I comodi stereotipi sulla calabria e il buon giornalismo

Gazzetta del Sud
Un giornalista de “La Repubblica”, in una inchiesta pubblicata ieri, sceglie la città di Reggio Calabria come emblema di un Sud senza speranza. Il giornale titola in prima pagina “ La pax della ‘ndrangheta soffoca Reggio Calabria”; segue alle pagg. 20 e 21 con altro titolo di maniera “Il colosso ‘ndrangheta che soffoca Reggio”.
In prima pagina il sopra titolo recita “l’Antimafia demolita”, a pag. 20 invece: “eppure non si spara dal 91, nessuna denuncia per pizzo nel 2006”.
E allora cari Scopelliti, Lamberti, Caridi cosa pensate di fare candidandovi a sindaco, ormai nella “città il controllo è in mano ai clan più ricchi del mondo”; non ce n’è per nessuno.
A giustificazione della sua tesi egli fa nomi e cognomi:
Italo Falcomatà, quasi quasi, ha la colpa di essere morto di una grave malattia, e di non aver lasciato niente di buono in otto anni di carica, visto che la situazione dal 91 ad oggi sarebbe addirittura peggiorata; Peppe Scopelliti è colpevole di guidare una Giunta della restaurazione, come se fosse di per sé un delitto; Loiero, presidente della Regione, annuncia l’arrivo di dodici miliardi di euro europei ed egli ci ironizza sopra, come per dire: chi sa chi incasserà quella somma.
Poi canta le lodi di qualche magistrato, forse per mettersi la coscienza a posto e avverte che la ‘ndrangheta ha già incassato abbastanza con i fondi pubblici.
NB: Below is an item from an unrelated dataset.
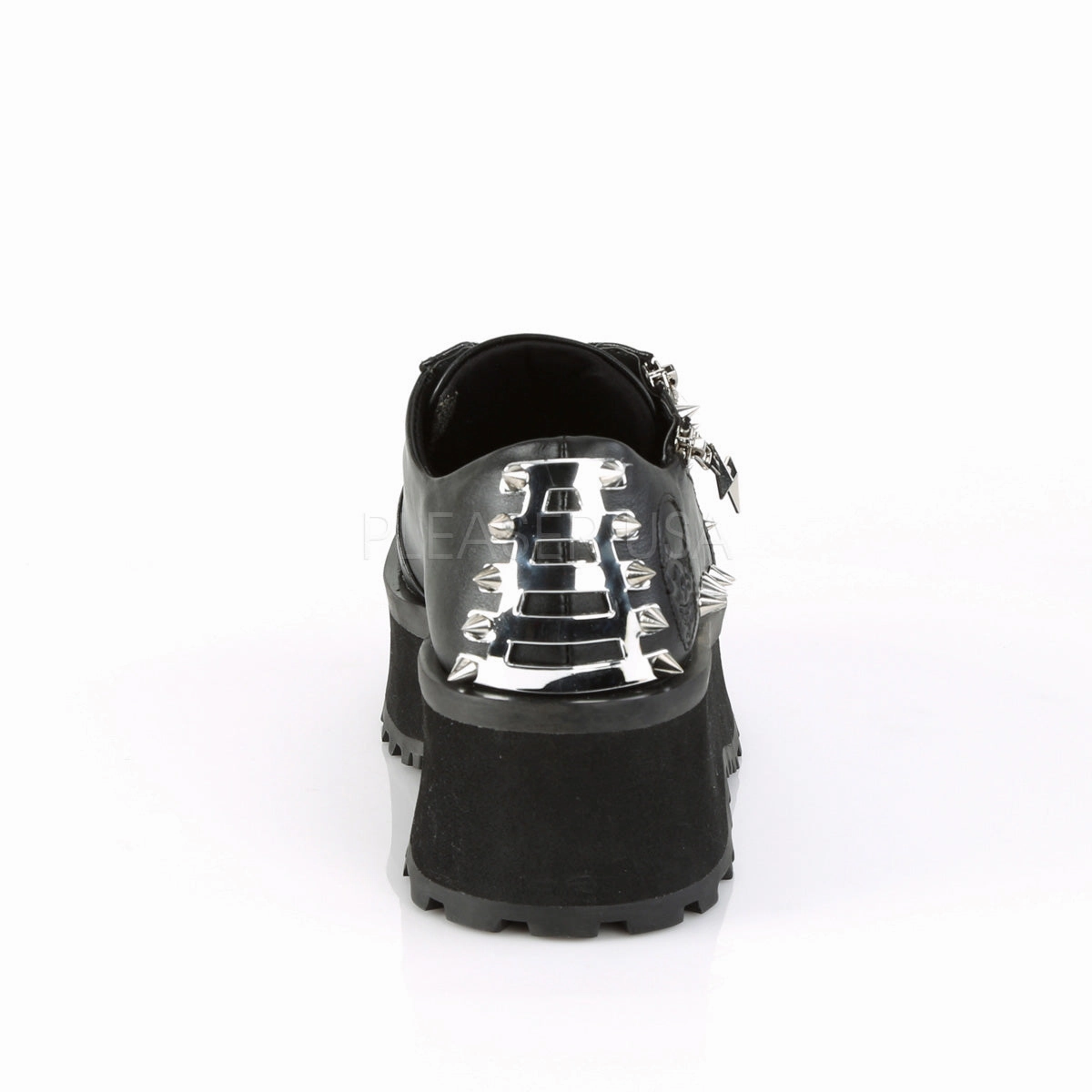GRAVEDIGGER-04  Black Vegan Leather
Infatti i due grandi poli industriali (Liquichimica di Saline e Grandi Officine di riparazione) sono serviti a consegnare la città in mano alle cosche.
Meno male che la grande opera dell’attraversamento dello Stretto non si è avviata, perché altrimenti la stessa ‘ndrangheta avrebbe potuto fornire il terreno su cui costruire i piloni del ponte, con conseguente trasferimento di miliardi di euro direttamente nelle tasche degli uomini d’onore.
Questo terzo tesoro è sfuggito alla ‘ndrangheta per la fiera opposizione di un gruppo di reggini onesti, che sarebbero stati guidati dal mio buon amico Alessandro Bianchi. Io però confesso di non averlo mai saputo.
Infine la ‘ndrangheta controlla tutto a Reggio anche l’Antimafia.
Sembra il canovaccio di un film sulla Chicago degli anni venti e della Brooklyn del Padrino. Ritengo di sapere cosa sia una inchiesta giornalistica: cioè uno scritto basato su dati certi, su notizie verificate con il controllo delle fonti. Nello scritto de “La Repubblica” non vi è traccia di tutto questo.
Ma se è così non c’è nulla di che preoccuparsi, perché si tratta di qualunquismo e basta.
Quell’inviato ha sorvolato infatti sul grande lavoro svolto dalle Forze dell’ordine e sui risultati ottenuti dal Ministero dell’Interno, che ha messo a disposizione un servitore dello Stato di prestigio come il super Prefetto e un valente vice Ministro.
Riletto il testo, però, un giornalista serio dovrebbe provare un po’ di vergogna e per fare autocritica dovrebbe riscriverlo, basandosi su dati veri con il controllo delle fonti.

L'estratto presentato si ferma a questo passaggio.